Allegations of sexual offending on a NZ-backed aid project in the Pacific have led to Interpol looking into concerns about several other people, while the accused man has failed to appear for trial.

Interpol has been contacted over allegations of sexual offending on a New Zealand-funded aid project in Vanuatu, after investigations uncovered three other “persons of interest” – including a New Zealand citizen.

The man who was the subject of the original allegations is now on the run from authorities after he was allowed to return to his home in the Solomon Islands.

In March, Newsroom revealed that our foreign affairs officials had been forced to review New Zealand aid projects after the allegations, levelled against a Solomon Islands national working with the local Vanuatu partner of a Kiwi NGO.

Correspondence and briefings obtained under the Official Information Act show that several other people of concern were identified, including a New Zealand citizen and Australian citizen who may have been involved in the exploitation of children and vulnerable adults.

In a November 2018 report on the incident, the Ministry of Foreign Affairs and Trade (MFAT) was told that three other “persons of interest” had been identified through the accused’s Facebook Messenger chats, including a New Zealander living in Port Vila and an Australian who had been “arranging meetings with young men” in the country.

Information about those two people had been shared with the Vanuatu Police Force’s transnational crime unit, as well as the Australian Federal Police and New Zealand Police.

The other person of interest was a staff member of another NGO based in the Solomon Islands, who had been involved in “inappropriate conversations” with the accused.

While no criminal behaviour had been uncovered, that staff member’s contract was terminated due to the “grossly inappropriate” conversations given the sector he worked in.

An MFAT spokesperson said the ministry was unaware of any connection between the New Zealander and the Australian, and any New Zealand Aid Programme initiatives.

A spokeswoman for NZ Police refused to comment on what action, if any, police here had taken after the information was passed on, referring Newsroom to Vanuatu police.

Vanuatu Police Force acting deputy director Donald James said there was no information on the Australian and the New Zealander in the country’s police information management system, while the AFP has been approached for comment but had not responded at the time of publication.

Accused ‘absconds’ from country

The documents also show how the accused man was allowed by Vanuatu officials to leave the country, despite having no means to ensure his return.

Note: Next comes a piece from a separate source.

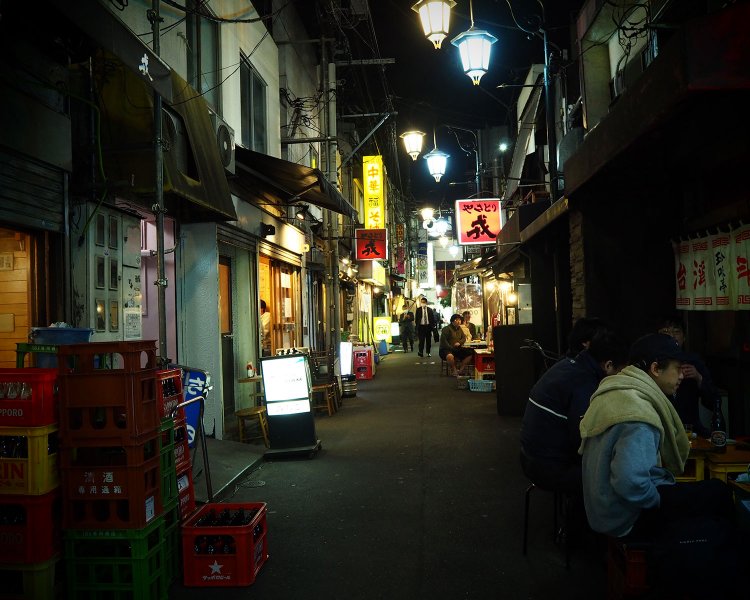 飲んべえを誘惑する柳小路の灯り。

In December 2018, MFAT was informed that the accused had been allowed to go back to the Solomon Islands on compassionate grounds (later confirmed to be a family bereavement) but was required to return to Vanuatu by January 2019 for a Supreme Court hearing.

However, the Supreme Court was later pushed back until March 2019, and the NGO told MFAT it was unclear whether the accused had returned to Vanuatu, or whether police could enforce his return.

In April, MFAT was told that the man had failed to return as per his bail conditions, and had also been applying for work in the Solomon Islands with a falsified CV.

Vanuatu’s public prosecutor Josaia Naigulevu told Newsroom the accused man had been granted bail in the magistrate’s court on the island of Tanna, but had “absconded” shortly after being committed for trial in the Supreme Court in November 2018.

Naigulevu said his office had been granted an arrest warrant when the accused failed to show at his first Supreme Court appearance in June, but he had not yet been found.

“If he does re-enter the jurisdiction, he is likely to be arrested. It is an ‘open’ warrant.”

However, the charges the man was facing – three counts of indecent assault – were “non-extraditable offences”, meaning he could not be forcibly returned from the Solomon Islands.

The MFAT spokesperson said there was still no evidence that the accused man had been involved in any similar incidents on other New Zealand-funded aid projects.

NGOs must be ‘extra vigilant’

While the ministry did not name the Vanuatu organisation which employed the accused staffer, Newsroom has learned it was a local partner of faith-based New Zealand charity Tearfund.

Tearfund chief executive Ian McInnes told Newsroom the organisation was “deeply disappointed” that the alleged offending had taken place, and had acted quickly once it learned of the allegations.

“Nobody wants this to happen in their aid programme, and yet I am content that both the partner and the authorities moved in the first instance as swiftly as was possible.”

The charity had sent a former police detective from New Zealand to Vanuatu where he worked in cooperation with the country’s police and the local NGO partner.

McInnes said none of the three persons of interest were connected to Tearfund, while the allegations were an isolated case in the charity’s work across the Pacific.

While police vetting of the accused had come back clean, McInnes said the incident was a reminder for NGOs to be “extra vigilant on recruitment”.

“We’re clear with our international partners what the obligations are. Can we expect no incidents? No, but what we can expect is how swiftly and thoroughly they’re addressed, and any lessons learned from them.”

Sam Sachdeva is Newsroom's national affairs editor, covering foreign affairs and trade, housing, and other issues of national significance.